The model will be trained with 9542268 characters, 1060253 will be set aside for validation


In [None]:
# Training Params

# How many chars to sample from data for each training run
# block_size matters because it will be the upper bound of how much the transformer will infer off of 
# If it gets inputted anything longer than this it might have a hard time fitting what is **expected** to come afterwards, because it did not see that during training
block_size = 8
train_data[:block_size+1]


tensor([38, 67, 76, 82, 74, 67, 75, 67])

In [None]:
x = train_data[:block_size]
y = train_data[1:block_size+1]

# X is the normal array of block_size
# Y is X shifted one space left (by passing start = 1 it skips the 0-th index)

# This creates a relationship where the i-th x element precedes the i-th y element 

for t in range(block_size):
    context = x[:t+1] 
    target = y[t]  
    print(f"Input {context} | Target {target}")

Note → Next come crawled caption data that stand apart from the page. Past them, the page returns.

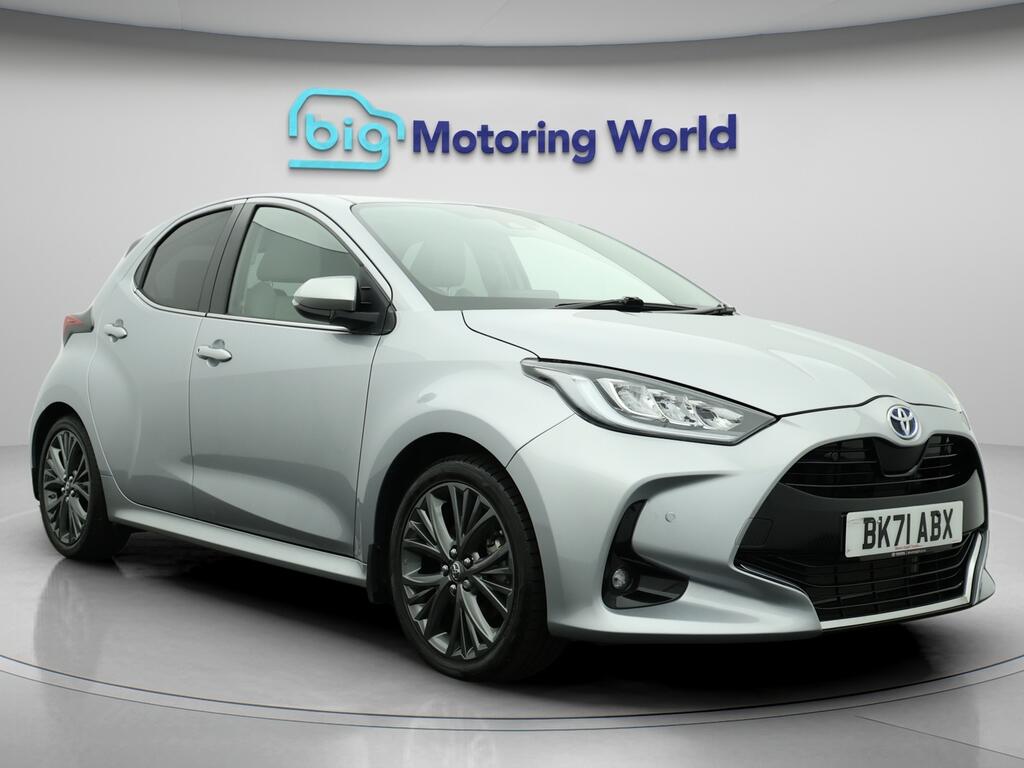 Used Toyota Yaris 2021 for sale - 76041948: Photo 1
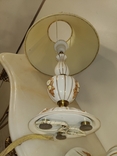 Лампы-торшеры с бронзой и керамикой арт. 0712, фото №4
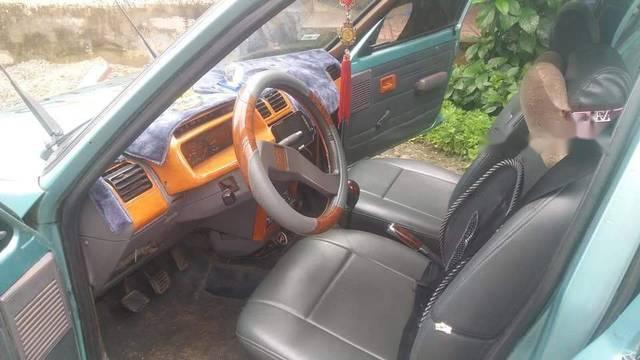 Peugeot 205 1987 - Bán Peugeot 205 năm sản xuất 1987, xe nhập, màu xanh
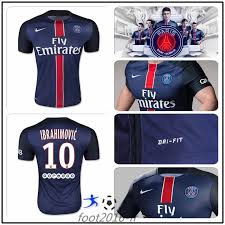 New jersey combine psg célébré couleurs de la maison de bleu, rouge et blanc, qui représentent les valeurs fondamentales du club de grandeur, respect et passion. Nouveau Acheter Maillot Psg 2015 2016 Discount Online Psg David Luiz Sports Jersey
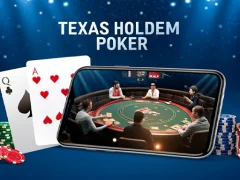 თამაში Texas Holdem Poker ონლაინ
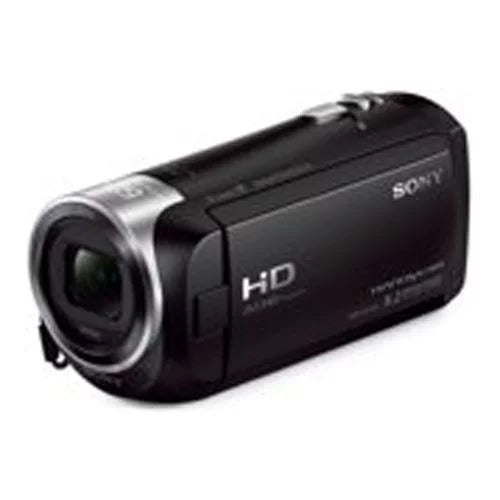 Sony  Handycam Camcorder (Black) with 32GB microSD Card and Accessory Bundle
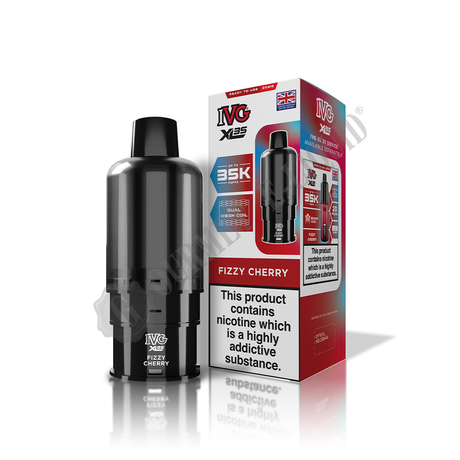 IVG XL 35K Replacement Pods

# This loops print x up to the current t bound 
# And the char at the t - 1 position that goes after in the sequence


Input tensor([38]) | Target 67
Input tensor([38, 67]) | Target 76
Input tensor([38, 67, 76]) | Target 82
Input tensor([38, 67, 76, 82]) | Target 74
Input tensor([38, 67, 76, 82, 74]) | Target 67
Input tensor([38, 67, 76, 82, 74, 67]) | Target 75
Input tensor([38, 67, 76, 82, 74, 67, 75]) | Target 67
Input tensor([38, 67, 76, 82, 74, 67, 75, 67]) | Target 76


In [None]:
torch.manual_seed(1234)
batch_size = 4 # How many sequences to process in each training run 
block_size = 8 # The maximum context lenght for each prediction 

def get_batch(split):
    data = train_data if split == 'train' else val_data
    # Creates random offsets to sample blocks from 
    ix = torch.randint(len(data) - block_size, (batch_size,))
    x = torch.stack([data[i:i+block_size] for i in ix])
    # Y is the tensor that is offset by one for prediction
    y = torch.stack([data[i+1:i+block_size+1] for i in ix])
    # torch.stack stacks by rows all the pairs
    return x, y

xb, yb = get_batch('train')

print("Inputs:")
print(xb.shape)
print(xb)
print("Targets")
print(yb.shape)
print(yb)

for b in range(batch_size):
    for t in range(block_size):
        context = xb[b,:t+1]
        target = yb[b,t]
        print(f"Input {context} | Target {target}")

Inputs:
torch.Size([4, 8])
tensor([[70, 80, 67, 67,  2, 69, 83, 76],
        [66,  2, 71, 76, 15,  2, 51, 70],
        [82, 70, 67, 80, 74, 63, 76, 66],
        [ 2, 82, 70, 67,  2, 64, 71, 69]])
Targets
torch.Size([4, 8])
tensor([[80, 67, 67,  2, 69, 83, 76, 64],
        [ 2, 71, 76, 15,  2, 51, 70, 67],
        [70, 67, 80, 74, 63, 76, 66, 81],
        [82, 70, 67,  2, 64, 71, 69, 69]])
Input tensor([70]) | Target 80
Input tensor([70, 80]) | Target 67
Input tensor([70, 80, 67]) | Target 67
Input tensor([70, 80, 67, 67]) | Target 2
Input tensor([70, 80, 67, 67,  2]) | Target 69
Input tensor([70, 80, 67, 67,  2, 69]) | Target 83
Input tensor([70, 80, 67, 67,  2, 69, 83]) | Target 76
Input tensor([70, 80, 67, 67,  2, 69, 83, 76]) | Target 64
Input tensor([66]) | Target 2
Input tensor([66,  2]) | Target 71
Input tensor([66,  2, 71]) | Target 76
Input tensor([66,  2, 71, 76]) | Target 15
Input tensor([66,  2, 71, 76, 15]) | Target 2
Input tensor([66,  2, 71, 76, 15,  2]) | Target 51
Input

Some notes so far:

The core of the code above is separating the original encoded train set into two splits: one that is the same as the original and one that is offset by 1 (X).

The offset by 1 tensor will be used as the 'target'. The transformer will see pairs of varying block sizes with X as the base and Y as the target by which we will adjust the weights to lower the loss function depending on the accuracy of the model's guesses.